Buch-Rezension von Lars Schafft Okt 2014

Spätestens durch Harry Rowohlts Übersetzung des irischen Krimischriftstellers Ken Bruen und die Verfilmung dessen Jack-Taylor-Reihe, die im ZDF zur Prime Time lief, hat sich das Etikett "Irish Noir" etabliert, mehr und mehr Autoren von der grünen Insel finden den Weg ins Deutsche. Einer davon ist Declan Burke, der seinerseits auch einen sehr interessanten Blog über Kriminalromane betreibt und als kenntnisreicher Rezensent gilt. Glaubt man den Zitaten und Auszeichnungen auf dem Buchrücken, ist Absolute Zero Cool die Entdeckung im Genre schlechthin. Doch nach der Lektüre bleibt der Leser relativ ratlos zurück und wird selbst die Frage, ob er überhaupt einen Krimi gelesen hat, nur schwerlich bejahen können.

Zumindest in einem Punkt trifft die Werbetrommel den richtigen Ton: Etwas wie Absolute Zero Cool wird man wahrscheinlich noch nicht gelesen haben. Denn der Plot ist positiv ausgedrückt neuartig, negativ gesagt doch sehr wirr. Der Ich-Erzähler ist Schriftsteller und hat seit Jahren einen unveröffentlichten Krimi in der Schublade, in dem ein Krankenhausangestellter Sterbehilfe leistet. Aber, wie erwähnt: Es bleibt ein Manuskript. Was sich der Protagonist dieser Zeilen nicht gefallen lassen will: Er stellt seinen Erfinder zur Rede und fordert die Umschreibung und Fertigstellung seiner Geschichte. In der neuen Version soll von der Sterbehilfe nicht mehr groß die Rede sein, stattdessen soll der Höhepunkt darin bestehen, dass er das Krankenhaus in die Luft jagt.

Doch genau an diesem Punkt, wo man noch hofft, auf etwas wirklich Originelles zu stoßen, geht die Krimihandlung den Bach herunter. Größtenteils besteht Absolute Zero Cool aus einem fortwährenden Dialog zwischen dem Autor und seiner Figur, die beiden besprechen Textänderungen und diskutieren den weiteren Fortgang des Plots. Diese neu erarbeiteten Kapitel liest man dann wieder aus der Gedankenwelt des Protagonisten Billy Karlsson, der sich oftmals in Gedankenspielen antiker Philosophie verliert, was bei Declan Burke leider nicht unterhaltsam, sondern eher belehrend wirkt. Als ob das nicht reichte, schreibt der fiktionale Charakter im Buch sein eigenes Buch (Arbeitstitel: "Sermo Vulgus") und beendet seine unspannenden Tagesberichte vom Kinogang mit seiner Freundin oder dem unerlaubten Rauchen auf dem Krankenhausparkplatz jeweils mit einem Sinnspruch des Tages. Von Shakespeare über Bukowski bis hin zur Bibel.

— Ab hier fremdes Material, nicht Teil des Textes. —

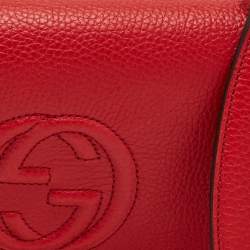 Pre Owned Gucci Red Pebbled Leather Soho Wallet on Chain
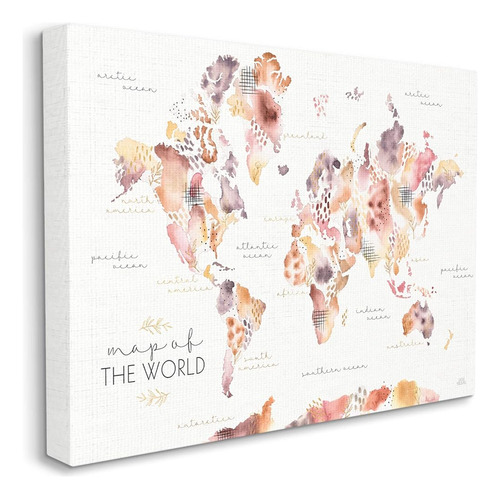Stupell Industries Abstract Floral World Map Acuarela Rosa P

So hangelt man sich zunehmend gelangweilt von einer Erzähl- und Metaebene zur nächsten und wartet auf eine Erleuchtung oder zumindest den springenden Punkt. Ganz zum Ende trumpft Declan Burke dann doch noch mit etwas, was die Bezeichnung "Kriminalroman" ansatzweise rechtfertigt, auf. Bis dahin ist folgender Dialog zwischen Ich-Erzähler und seinem Helden repräsentativ:

 

"Was meinst Du mit 'am Ende angekommen'?"
"Wenn das Buch fertig ist."
"Wovon redest du denn da? Der einzige Grund, weshalb wir die Geschichte überarbeiten, ist doch der Anschlag auf das Krankenhaus. Ich kann doch nicht darum herum schreiben, was du dazu meinst. Das geht total schief."
"Wir machen halt ein Experiment", sagt er.

 

Genau so wirkt Absolute Zero Cool dann leider auch: Eine Fingerübung des Kritikers, die beweisen soll, dass er selbst nicht nur gut, sondern ganz besonders originell zur Feder greifen kann. Als Krimi funktioniert der Roman aber gar nicht, und nur Leser, die sich an postmoderner Schreibtechnik, Intertextualität und philosophischen Ergüssen begeistern können, werden Declan Burkes Debüt auf Deutsch tatsächlich cool finden.